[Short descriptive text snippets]
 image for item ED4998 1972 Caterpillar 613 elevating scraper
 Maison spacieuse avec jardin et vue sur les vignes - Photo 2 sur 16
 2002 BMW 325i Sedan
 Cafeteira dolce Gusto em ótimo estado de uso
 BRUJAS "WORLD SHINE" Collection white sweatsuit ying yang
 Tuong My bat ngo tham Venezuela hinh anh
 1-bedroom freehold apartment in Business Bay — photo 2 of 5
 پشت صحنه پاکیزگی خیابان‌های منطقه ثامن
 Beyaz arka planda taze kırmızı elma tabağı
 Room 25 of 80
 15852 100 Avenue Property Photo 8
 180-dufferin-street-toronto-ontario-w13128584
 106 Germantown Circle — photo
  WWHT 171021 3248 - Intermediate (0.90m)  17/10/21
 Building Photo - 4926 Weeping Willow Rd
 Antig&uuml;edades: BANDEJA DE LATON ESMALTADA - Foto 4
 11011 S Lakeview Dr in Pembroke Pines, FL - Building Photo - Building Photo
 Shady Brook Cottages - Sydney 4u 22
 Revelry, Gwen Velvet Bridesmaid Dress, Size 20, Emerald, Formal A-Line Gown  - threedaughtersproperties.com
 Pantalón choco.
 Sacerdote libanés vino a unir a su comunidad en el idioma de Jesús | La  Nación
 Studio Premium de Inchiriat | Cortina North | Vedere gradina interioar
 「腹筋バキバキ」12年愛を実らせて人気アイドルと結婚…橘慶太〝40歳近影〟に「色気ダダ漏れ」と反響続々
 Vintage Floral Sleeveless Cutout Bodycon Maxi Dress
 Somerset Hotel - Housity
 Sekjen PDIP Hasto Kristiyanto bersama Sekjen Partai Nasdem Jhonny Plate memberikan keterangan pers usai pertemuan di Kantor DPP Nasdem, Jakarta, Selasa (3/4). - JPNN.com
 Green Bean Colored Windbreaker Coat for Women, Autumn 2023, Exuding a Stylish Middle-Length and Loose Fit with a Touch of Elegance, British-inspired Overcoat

* Work instructions: Return the data above in full, keeping each line exactly as it stands.

* Answer to this exercise:
 image for item ED4998 1972 Caterpillar 613 elevating scraper
 Maison spacieuse avec jardin et vue sur les vignes - Photo 2 sur 16
 2002 BMW 325i Sedan
 Cafeteira dolce Gusto em ótimo estado de uso
 BRUJAS "WORLD SHINE" Collection white sweatsuit ying yang
 Tuong My bat ngo tham Venezuela hinh anh
 1-bedroom freehold apartment in Business Bay — photo 2 of 5
 پشت صحنه پاکیزگی خیابان‌های منطقه ثامن
 Beyaz arka planda taze kırmızı elma tabağı
 Room 25 of 80
 15852 100 Avenue Property Photo 8
 180-dufferin-street-toronto-ontario-w13128584
 106 Germantown Circle — photo
  WWHT 171021 3248 - Intermediate (0.90m)  17/10/21
 Building Photo - 4926 Weeping Willow Rd
 Antig&uuml;edades: BANDEJA DE LATON ESMALTADA - Foto 4
 11011 S Lakeview Dr in Pembroke Pines, FL - Building Photo - Building Photo
 Shady Brook Cottages - Sydney 4u 22
 Revelry, Gwen Velvet Bridesmaid Dress, Size 20, Emerald, Formal A-Line Gown  - threedaughtersproperties.com
 Pantalón choco.
 Sacerdote libanés vino a unir a su comunidad en el idioma de Jesús | La  Nación
 Studio Premium de Inchiriat | Cortina North | Vedere gradina interioar
 「腹筋バキバキ」12年愛を実らせて人気アイドルと結婚…橘慶太〝40歳近影〟に「色気ダダ漏れ」と反響続々
 Vintage Floral Sleeveless Cutout Bodycon Maxi Dress
 Somerset Hotel - Housity
 Sekjen PDIP Hasto Kristiyanto bersama Sekjen Partai Nasdem Jhonny Plate memberikan keterangan pers usai pertemuan di Kantor DPP Nasdem, Jakarta, Selasa (3/4). - JPNN.com
 Green Bean Colored Windbreaker Coat for Women, Autumn 2023, Exuding a Stylish Middle-Length and Loose Fit with a Touch of Elegance, British-inspired Overcoat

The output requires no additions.